Agreement for UK Minority Ethnic Clergy to Participate in House of Bishops
Plans to elect clergy of UK Minority Ethnic or Global Majority Heritage backgrounds to serve on the House of Bishops have been agreed in what is hoped will be a “catalyst for change” towards making the leadership of the Church of England more representative.
Under the scheme, which has just been approved by a Committee of the House, there would be at least 10 UKME/GMH people taking part in meetings of the House – either as existing members or new “participant observers” – later this spring.
The House of Bishops – which is both part of the General Synod and a body in its own right – is made up of the most senior bishops in the Church, including all of the diocesan bishops and some elected suffragans.
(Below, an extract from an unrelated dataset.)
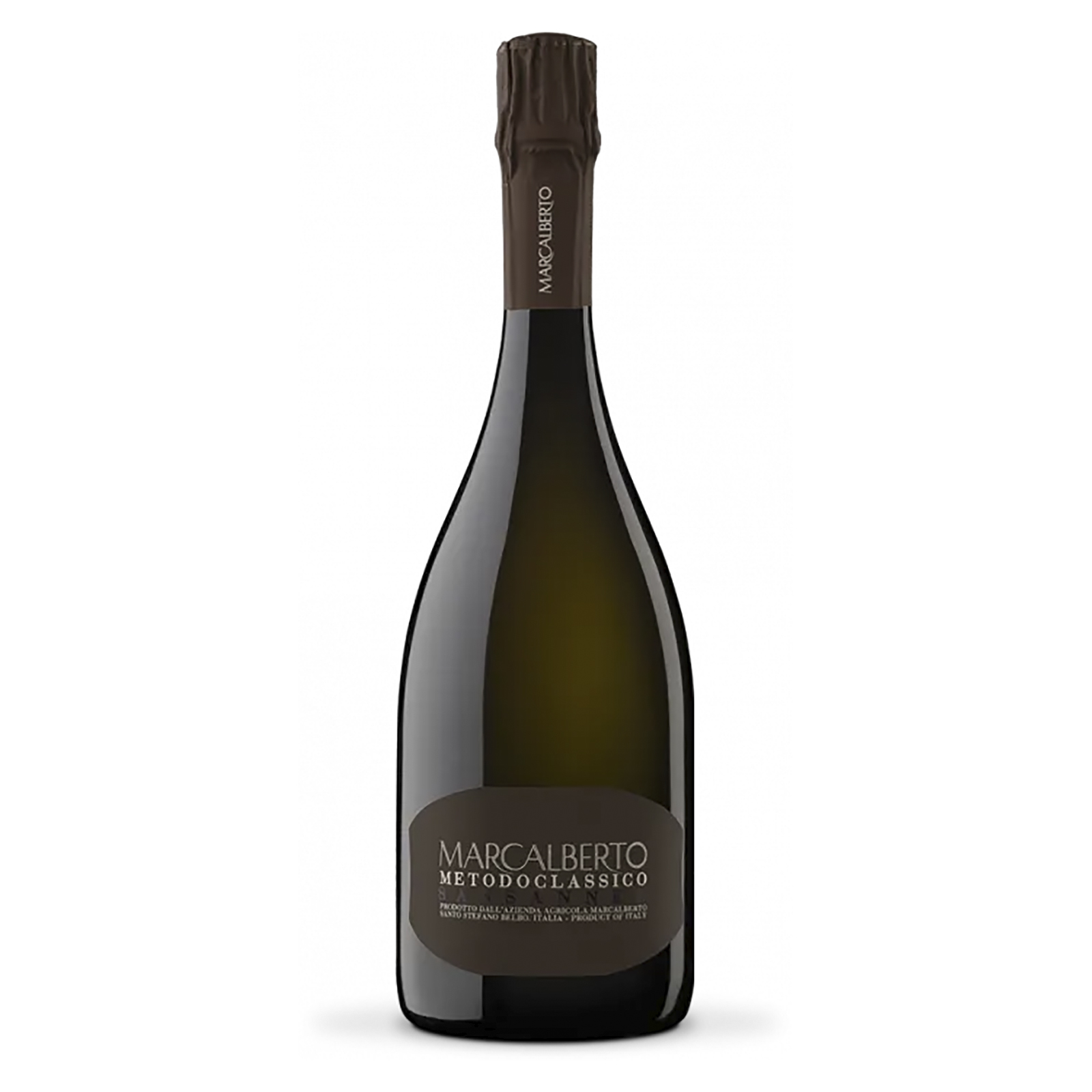 Marcalberto - Sansannée NV, VSQ Metodo Classico Brut Bianco / SB Art 50323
At present there are just four UKME/GMH bishops in the House, out of 53 places. Under the plans, the House will ensure that at least 10 can be present, either as members as of right; as suffragan bishops appointed as participant observers, or as priests elected as participant observers.
In addition to the four existing UKME/GMH members of the House, the plan will involve three further suffragans (two of whom were recently nominated as bishops) being invited to join the House as participant observers.
There would also be three priests elected by serving UKME/GMH clergy.
Further details on the nomination process will be announced shortly. It is expected that the process will be complete by May.
The idea of participant observers in the House of Bishops was recommended in From Lament to Action, the report of the Archbishops’ Anti-Racism Taskforce, which was published in April last year. It was based on temporary provision introduced in 2013 under which women first took part in meetings of the House ahead of legislation opening the way for female bishops.